When night falls, an occupying army of mostly cashiered factory workers rides the trains into the city from its rust-belt perimeter. On any given night, government officials estimate, there are as many as 40,000 garbage-pickers, or cartoneros -- cardboard men -- roaming Buenos Aires. That number has increased more than tenfold since Argentina's economic collapse. Now, there is not enough trash to go around. Miguel likes to arrive early and stake out his turf.
"People will fight you over the garbage," Miguel says.
He is standing under a streetlight with his children, poised and waiting for the night's rubbish to be hauled out.
"We are living like animals now," he says.
Scrap by scrap, the Machados grind out a few dollars a day from their neighbors' grime and refuse. Their improvisational effort is a template for millions of workers in the developing world who are part of a growing labor force that is off the books and on the margins.
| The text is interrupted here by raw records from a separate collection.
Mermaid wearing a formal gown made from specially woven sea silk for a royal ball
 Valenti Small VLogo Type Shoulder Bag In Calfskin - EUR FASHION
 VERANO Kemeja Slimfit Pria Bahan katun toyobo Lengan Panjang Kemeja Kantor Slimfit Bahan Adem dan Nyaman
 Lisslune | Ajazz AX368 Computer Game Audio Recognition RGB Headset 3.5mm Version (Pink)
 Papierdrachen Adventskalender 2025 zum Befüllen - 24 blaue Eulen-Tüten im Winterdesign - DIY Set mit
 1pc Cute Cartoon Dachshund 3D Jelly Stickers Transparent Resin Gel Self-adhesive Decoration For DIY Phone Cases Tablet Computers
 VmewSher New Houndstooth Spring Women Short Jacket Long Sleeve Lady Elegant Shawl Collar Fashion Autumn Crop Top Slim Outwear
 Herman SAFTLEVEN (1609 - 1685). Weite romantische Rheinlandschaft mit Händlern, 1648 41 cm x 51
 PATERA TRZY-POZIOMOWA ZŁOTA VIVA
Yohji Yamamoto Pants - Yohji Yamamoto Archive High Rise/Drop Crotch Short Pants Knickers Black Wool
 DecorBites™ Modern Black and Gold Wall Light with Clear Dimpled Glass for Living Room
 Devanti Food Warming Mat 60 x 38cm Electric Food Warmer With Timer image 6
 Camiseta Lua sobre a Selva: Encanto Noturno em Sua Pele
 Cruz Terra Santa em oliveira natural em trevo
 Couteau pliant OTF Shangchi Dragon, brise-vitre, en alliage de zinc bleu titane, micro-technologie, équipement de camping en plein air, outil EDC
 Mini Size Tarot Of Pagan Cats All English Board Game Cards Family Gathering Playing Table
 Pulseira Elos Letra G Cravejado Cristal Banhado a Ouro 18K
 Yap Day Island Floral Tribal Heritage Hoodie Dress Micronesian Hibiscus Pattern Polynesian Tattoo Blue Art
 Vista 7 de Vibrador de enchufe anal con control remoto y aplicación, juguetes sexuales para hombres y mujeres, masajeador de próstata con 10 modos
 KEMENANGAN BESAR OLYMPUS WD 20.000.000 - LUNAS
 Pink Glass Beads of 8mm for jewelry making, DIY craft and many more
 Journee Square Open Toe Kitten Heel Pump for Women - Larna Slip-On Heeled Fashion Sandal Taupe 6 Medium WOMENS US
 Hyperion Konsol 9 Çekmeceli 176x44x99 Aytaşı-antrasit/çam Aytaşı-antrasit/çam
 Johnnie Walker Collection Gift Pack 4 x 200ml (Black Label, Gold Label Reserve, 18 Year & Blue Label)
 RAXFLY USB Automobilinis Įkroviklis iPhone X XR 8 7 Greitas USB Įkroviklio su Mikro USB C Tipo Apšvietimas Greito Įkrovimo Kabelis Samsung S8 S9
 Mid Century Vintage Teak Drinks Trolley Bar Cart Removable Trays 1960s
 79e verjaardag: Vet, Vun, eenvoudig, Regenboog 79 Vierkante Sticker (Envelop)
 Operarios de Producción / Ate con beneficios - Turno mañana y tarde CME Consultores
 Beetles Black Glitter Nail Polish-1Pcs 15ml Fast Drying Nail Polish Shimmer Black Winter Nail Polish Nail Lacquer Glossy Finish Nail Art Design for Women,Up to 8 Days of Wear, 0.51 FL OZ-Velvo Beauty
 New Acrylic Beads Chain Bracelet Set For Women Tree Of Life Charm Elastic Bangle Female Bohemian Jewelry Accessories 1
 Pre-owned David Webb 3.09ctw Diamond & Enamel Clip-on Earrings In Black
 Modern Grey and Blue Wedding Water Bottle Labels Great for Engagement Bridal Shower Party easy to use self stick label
Work is not what it used to be. Shrinking economies are squeezing the life from the full-time, 9-to-5 jobs with benefits and security that have historically been the bricks and mortar of modern industrial states. An amorphous informal sector accounts for nearly half of all jobs in the developing world, according to a 2001 study commissioned by the World Bank, and is growing larger still.
Here in Buenos Aires, that means a nightly scramble for trash. The doormen have their favorites and will often separate the good stuff and set it aside for families like the Machados, good people who don't just rifle through the trash bags and leave a big mess for the doormen to clean up. But you have to be quick or they'll leave it for someone else.
"The doorman has something for you," Miguel says to his son Lucas, 9, round-faced and chatty, and in the midst of putting his brother Jonathan, 11, in a headlock.